Tesla has been on an epic run since the beginning of 2017.
Its market cap, at around $50 billion, passed Ford’s and now rivals General Motors. If all goes according to schedule, the Model 3 mass-market car will launch in about a month.
But not all is well in Tesla land. There’s been chatter about a union-organizing effort at the company’s Fremont, Calif. factory.
And a Guardian report this week saw some Tesla workers characterize the plant as a dangerous place to work, and the pace that the carmaker and CEO Elon Musk sets to be brutal.
Welcome to the auto industry. Building cars is demanding physically. On modern assembly lines, it isn’t as tough as it used to be, but it’s still demanding. And even though the industry has taken a leadership role in automation — auto plants have been heavily automated for decades — a lot of man- (and woman-) hours are required to bolt a vehicle together. Hundreds of thousands of people are employed in the US doing just that.

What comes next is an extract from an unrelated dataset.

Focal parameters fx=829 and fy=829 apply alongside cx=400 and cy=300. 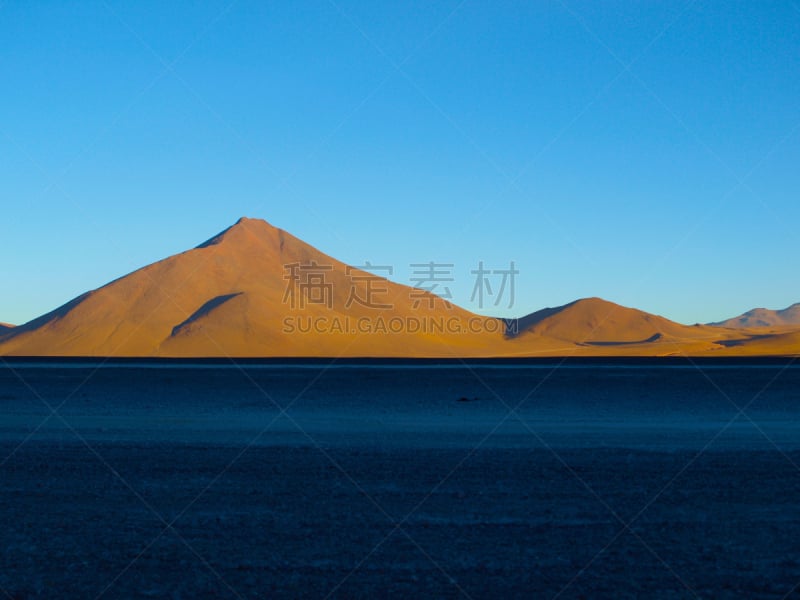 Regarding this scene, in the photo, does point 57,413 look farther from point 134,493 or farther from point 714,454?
point 714,454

Auto manufacturing is about as efficient as it can be these days without a massive leap in technology. But a massive leap is what Musk wants. You could accuse Tesla of being somewhat unfriendly to human concerns, given its recent bad press around labor. But what Musk truly has in mind is something completely inhuman.
Or more accurately, something posthuman. His goal is to radically remake not simply auto manufacturing but all manufacturing by using a much higher degree of automation. To that end, Tesla bought a German firm, Grohmann Engineering, that specializes in automated processes.
But that’s merely a baby step. When talking about his “Master Plan, Part Deux” last year, Musk outlined what he called the “alien dreadnought” factory — a plant so different from what we see today, even at the most advanced facilities, that it would be unrecognizable. It would be alien in its innovation.